Selang beberapa jam kemudian handphone Faisal berdering, terlihat nama Andi di layar panggilan, namun Faisal abaikan. Hingga beberapa berdering, namun tak satupun yang diangkat. Kemudian muncul juga panggilan dari Kak Budi, dan Faisal masih tetap mengabaikannya. Faisal melihat beberapa chat dari Andi dan Kak Budi, namun tidak ada satupun yang dibukanya.
"Tuh handphone bunyi terus kenapa nggak diangkat?" tanya Hanum yang memang tidak tahu ada kejadian ribut dengan kakaknya
"Biar saja lagi malas ngomong sama mereka, daripada nanti emosi mendingan didiamkan saja" jawab Faisal cuek.

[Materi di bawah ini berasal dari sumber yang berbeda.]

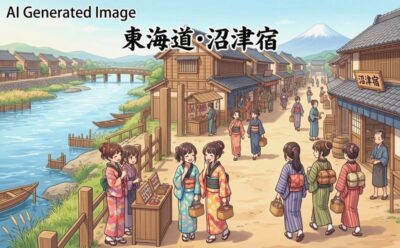 江戸時代の東海道・沼津宿(画像はあくまでAIによるイメージです。)
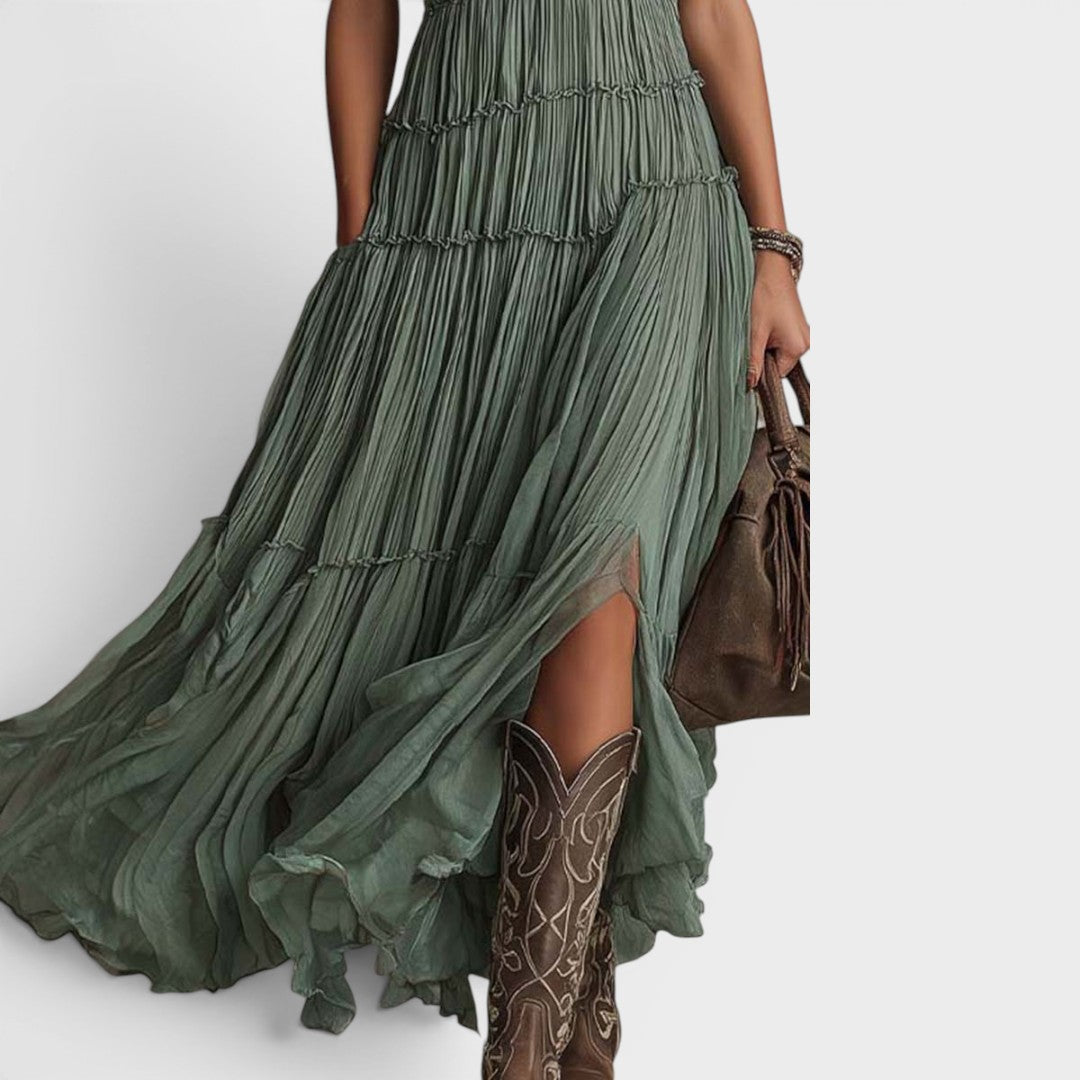 Alexa - Soft-Touch Boho-Maxikleid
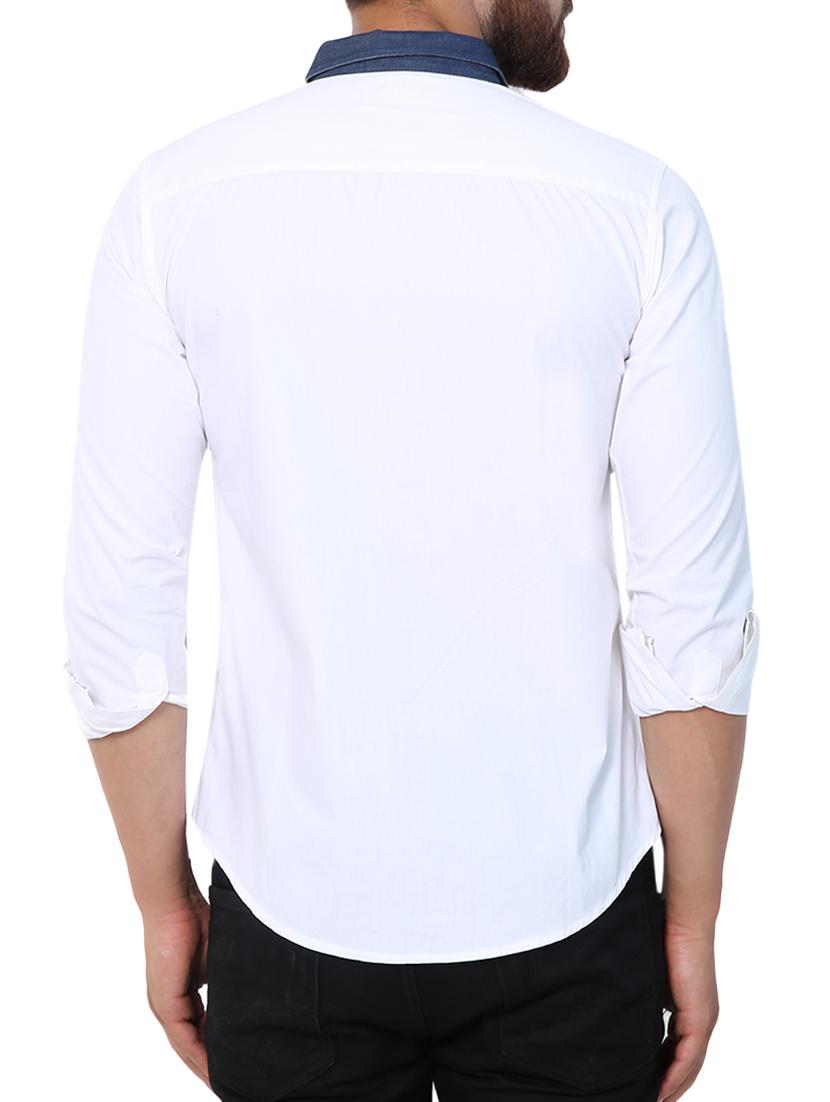 white cotton casual shirt - 15394668 - Zoom Image - 3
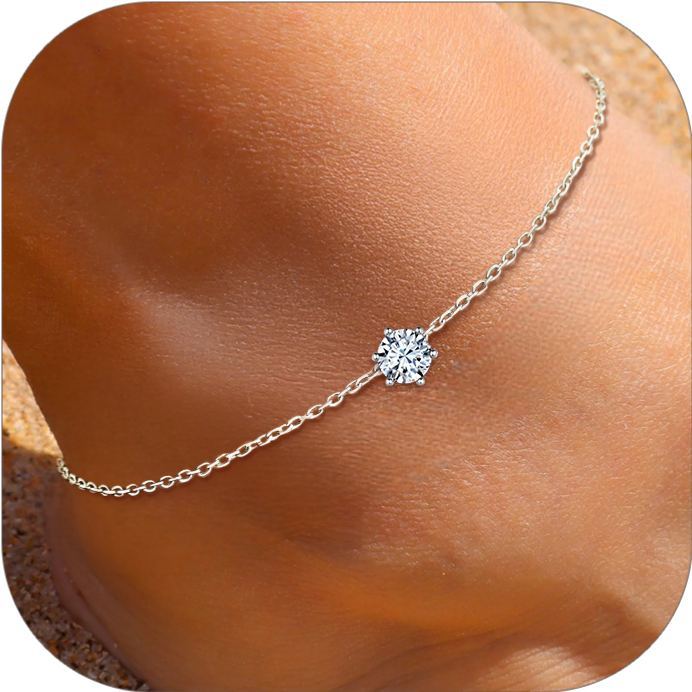 Sterling Silver Round Birthstone Anklet Adjustable for Women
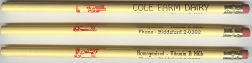 #DA021 - Cole Farm Dairy Pencil Picturing Cow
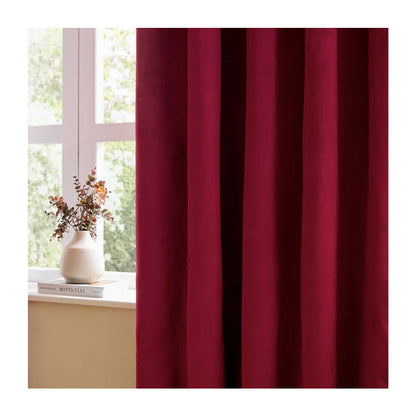 Burgundy - Back - Furn Ultimate Velvet Eyelet Curtains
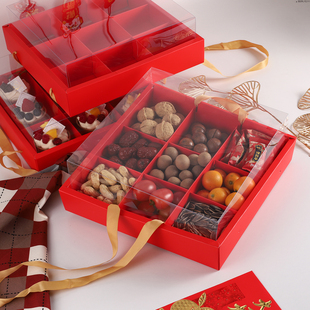 新年透明九宫格杯子蛋糕包装礼盒红色喜庆中式糕点花酥甜品喜饼盒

"Memang ada masalah apa sampai malas jawab panggilan merek? Biasanya asyik ngobrol sampai bahkan bisa sampai sejam an" tanya Hanum lagi heran
"Sebenarnya tadi sudah ngobrol sama mereka berdua cukup lama, jadi ya malas saja kalau sudah nyalahin Ayah tanpa tahu kejadian sesungguhnya"
"Menyalahkan karena apa? Nggak mungkin tiba-tiba menyalahkan kalau nggak asal mulanya"
"Ibu kepo banget sih, biarin saja nanti juga mereka hubungi Ayah lagi kalau sudah mode santai"
Hanum hanya mengangkat bahunya, lalu meninggalkan Faisal kembali ke dapur untuk menyiapkan bahan-bahan kue. Bukannya Hanum tidak penasaran dengan Faisal, apalagi sekilas melihat kedua matanya yang sembab. Dia hanya mengira-ngira ada perdebatan dengan kakaknya atau adiknya. Yang Hanum tidak tahu, ternyata itu kontak terakhir Faisal dengan adik dan kakaknya. Sedangkan Hanum sendiri memang jarang berhubungan dengan adik dan kakak iparnya, kecuali memang ada yang perlu untuk dibicarakan.
Memang benar kata orang kalau harta warisan itu panas dan bikin perpecahan. Apalagi kalau ahli warisnya kurang ilmu agama, pasti akan terjadi perselisihan.